Augusto Santos Silva defendeu que a Assembleia da República é “por excelência o espaço da representação da nação em toda a sua diversidade e pluralidade de ideias e opiniões, para além das funções matriciais de produção legislativa, de fiscalização e escrutínio do Governo e da administração”.

“É o verdadeiro centro do debate político”, concluiu, antes de alertar para a necessidade de cumprimento de duas regras que considerou elementares: O respeito por todos os mandatos que resultam da livre expressão do voto dos portugueses, quaisquer que sejam as suas propostas programáticas; e o respeito pela vontade popular, tal como ela se materializa na soma agregadas dos votos individuais e se exprime na dimensão dos grupos parlamentares.

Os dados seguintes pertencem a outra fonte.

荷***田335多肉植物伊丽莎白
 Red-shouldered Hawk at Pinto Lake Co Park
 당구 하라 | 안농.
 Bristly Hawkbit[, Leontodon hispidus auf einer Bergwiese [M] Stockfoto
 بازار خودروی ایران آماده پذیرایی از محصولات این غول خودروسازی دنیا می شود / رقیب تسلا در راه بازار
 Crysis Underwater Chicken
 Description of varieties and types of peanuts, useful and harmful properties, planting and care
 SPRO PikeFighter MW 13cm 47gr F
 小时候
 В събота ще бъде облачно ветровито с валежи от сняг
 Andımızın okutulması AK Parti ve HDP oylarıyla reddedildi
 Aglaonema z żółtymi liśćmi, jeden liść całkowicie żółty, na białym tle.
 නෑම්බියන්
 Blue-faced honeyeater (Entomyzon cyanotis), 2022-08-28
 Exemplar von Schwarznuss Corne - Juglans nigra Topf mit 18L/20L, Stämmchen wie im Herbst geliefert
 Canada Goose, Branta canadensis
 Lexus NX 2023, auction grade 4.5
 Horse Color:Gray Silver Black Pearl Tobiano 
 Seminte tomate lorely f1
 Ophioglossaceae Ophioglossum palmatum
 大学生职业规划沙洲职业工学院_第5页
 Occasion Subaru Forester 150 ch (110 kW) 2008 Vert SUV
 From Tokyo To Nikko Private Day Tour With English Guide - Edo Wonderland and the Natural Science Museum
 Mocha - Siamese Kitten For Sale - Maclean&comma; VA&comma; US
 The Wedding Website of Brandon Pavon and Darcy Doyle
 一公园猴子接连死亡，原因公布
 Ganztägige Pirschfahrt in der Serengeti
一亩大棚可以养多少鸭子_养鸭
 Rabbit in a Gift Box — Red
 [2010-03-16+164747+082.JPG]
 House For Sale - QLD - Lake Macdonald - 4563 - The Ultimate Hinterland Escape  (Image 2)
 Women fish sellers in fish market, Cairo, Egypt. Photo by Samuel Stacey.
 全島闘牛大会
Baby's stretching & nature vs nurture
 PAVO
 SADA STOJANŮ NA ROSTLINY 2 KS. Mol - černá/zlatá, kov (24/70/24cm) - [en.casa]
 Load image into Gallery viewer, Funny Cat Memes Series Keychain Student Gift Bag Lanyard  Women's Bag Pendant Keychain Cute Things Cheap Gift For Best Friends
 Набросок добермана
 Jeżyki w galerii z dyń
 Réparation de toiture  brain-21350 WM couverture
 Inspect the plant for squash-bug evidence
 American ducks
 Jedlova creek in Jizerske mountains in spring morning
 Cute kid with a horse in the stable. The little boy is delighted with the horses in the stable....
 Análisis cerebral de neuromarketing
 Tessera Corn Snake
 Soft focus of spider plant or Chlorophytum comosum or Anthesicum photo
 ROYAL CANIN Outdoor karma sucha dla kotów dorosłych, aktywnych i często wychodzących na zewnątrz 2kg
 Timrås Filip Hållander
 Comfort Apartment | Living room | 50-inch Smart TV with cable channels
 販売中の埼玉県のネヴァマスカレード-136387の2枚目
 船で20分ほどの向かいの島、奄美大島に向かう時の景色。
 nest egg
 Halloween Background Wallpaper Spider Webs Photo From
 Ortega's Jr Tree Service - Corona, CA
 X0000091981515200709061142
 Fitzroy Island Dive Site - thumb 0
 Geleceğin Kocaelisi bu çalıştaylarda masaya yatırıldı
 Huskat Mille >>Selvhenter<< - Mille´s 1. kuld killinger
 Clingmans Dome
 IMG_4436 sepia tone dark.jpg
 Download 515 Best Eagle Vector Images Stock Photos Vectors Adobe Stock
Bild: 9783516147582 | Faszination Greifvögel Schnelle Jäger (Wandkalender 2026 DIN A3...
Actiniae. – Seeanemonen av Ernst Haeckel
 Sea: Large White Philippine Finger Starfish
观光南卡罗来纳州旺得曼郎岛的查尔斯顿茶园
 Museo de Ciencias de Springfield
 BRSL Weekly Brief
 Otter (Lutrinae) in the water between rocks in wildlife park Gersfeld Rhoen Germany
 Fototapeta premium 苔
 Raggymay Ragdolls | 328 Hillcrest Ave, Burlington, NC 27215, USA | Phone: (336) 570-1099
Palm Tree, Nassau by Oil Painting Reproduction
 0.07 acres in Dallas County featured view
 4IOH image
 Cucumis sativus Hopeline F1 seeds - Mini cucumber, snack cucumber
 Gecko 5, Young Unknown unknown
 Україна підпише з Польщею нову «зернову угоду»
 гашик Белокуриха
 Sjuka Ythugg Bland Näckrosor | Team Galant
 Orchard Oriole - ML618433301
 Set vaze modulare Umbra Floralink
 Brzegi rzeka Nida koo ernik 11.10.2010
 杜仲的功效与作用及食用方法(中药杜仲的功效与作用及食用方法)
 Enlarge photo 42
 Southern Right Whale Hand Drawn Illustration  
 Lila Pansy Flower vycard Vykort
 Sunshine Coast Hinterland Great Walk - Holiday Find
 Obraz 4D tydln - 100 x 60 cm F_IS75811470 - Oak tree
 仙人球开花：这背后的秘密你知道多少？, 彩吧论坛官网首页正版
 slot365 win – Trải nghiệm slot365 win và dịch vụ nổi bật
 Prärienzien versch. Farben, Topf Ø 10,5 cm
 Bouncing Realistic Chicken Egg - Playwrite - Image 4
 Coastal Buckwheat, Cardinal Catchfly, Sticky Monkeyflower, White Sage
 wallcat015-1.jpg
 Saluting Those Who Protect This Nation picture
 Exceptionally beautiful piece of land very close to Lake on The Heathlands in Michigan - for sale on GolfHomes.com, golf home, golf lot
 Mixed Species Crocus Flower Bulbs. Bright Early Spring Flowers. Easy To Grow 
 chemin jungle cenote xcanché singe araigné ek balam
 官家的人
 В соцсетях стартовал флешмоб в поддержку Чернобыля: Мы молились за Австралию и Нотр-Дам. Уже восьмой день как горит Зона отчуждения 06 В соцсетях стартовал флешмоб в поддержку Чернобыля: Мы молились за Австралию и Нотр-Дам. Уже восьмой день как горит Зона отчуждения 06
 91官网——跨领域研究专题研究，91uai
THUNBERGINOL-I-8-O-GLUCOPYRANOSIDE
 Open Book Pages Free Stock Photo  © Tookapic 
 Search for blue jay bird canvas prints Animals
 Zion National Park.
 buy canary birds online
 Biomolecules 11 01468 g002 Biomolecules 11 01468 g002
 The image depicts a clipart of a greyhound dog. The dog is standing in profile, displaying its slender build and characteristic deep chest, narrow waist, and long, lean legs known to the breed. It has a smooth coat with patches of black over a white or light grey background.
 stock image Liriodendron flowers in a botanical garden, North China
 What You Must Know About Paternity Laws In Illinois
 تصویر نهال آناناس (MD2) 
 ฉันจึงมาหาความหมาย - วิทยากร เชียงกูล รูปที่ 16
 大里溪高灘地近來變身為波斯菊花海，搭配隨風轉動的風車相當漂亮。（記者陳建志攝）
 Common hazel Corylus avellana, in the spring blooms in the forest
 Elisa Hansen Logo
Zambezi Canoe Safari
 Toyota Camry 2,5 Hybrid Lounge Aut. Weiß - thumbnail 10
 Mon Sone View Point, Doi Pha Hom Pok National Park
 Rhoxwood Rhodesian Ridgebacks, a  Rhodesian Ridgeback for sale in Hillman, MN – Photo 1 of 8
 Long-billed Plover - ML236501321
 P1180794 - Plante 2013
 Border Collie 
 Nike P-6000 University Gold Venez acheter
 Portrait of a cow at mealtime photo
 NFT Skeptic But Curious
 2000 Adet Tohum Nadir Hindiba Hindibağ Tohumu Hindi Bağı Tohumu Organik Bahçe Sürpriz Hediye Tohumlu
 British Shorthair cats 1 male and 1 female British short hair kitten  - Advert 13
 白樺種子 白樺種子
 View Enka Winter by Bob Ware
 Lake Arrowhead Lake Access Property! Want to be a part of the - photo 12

Neste contexto, advertiu também que os direitos de cada deputado “não podem servir de pretexto para imporem a distorção ou desrespeito pelas maiorias que o povo soberanamente constituiu”.

“Estes tempos difíceis, complexos, são tempos propícios a toda a espécie de manipulações, de preconceitos e de messianismos, tempos em que pode prosperar o populismo com as simplificações abusivas, as exclusões sumárias, a negação do pluralismo e da diversidade, a estigmatização dos vulneráveis, a culpabilização das vítimas e a substituição do debate pelo insulto”, apontou.

O ex-ministro dos Negócios Estrangeiros considerou que a sociedade portuguesa “não está imune a esse vírus e transmitiu então um recado à maioria dos deputados: “A melhor maneira de combater esse vírus é não lhe conceder mais relevância do que aquela que o povo português lhe quis atribuir”.

“É opor à violência excludente a firme serenidade de quem sabe ter o apoio das pessoas e o conforto da razão”, sustentou.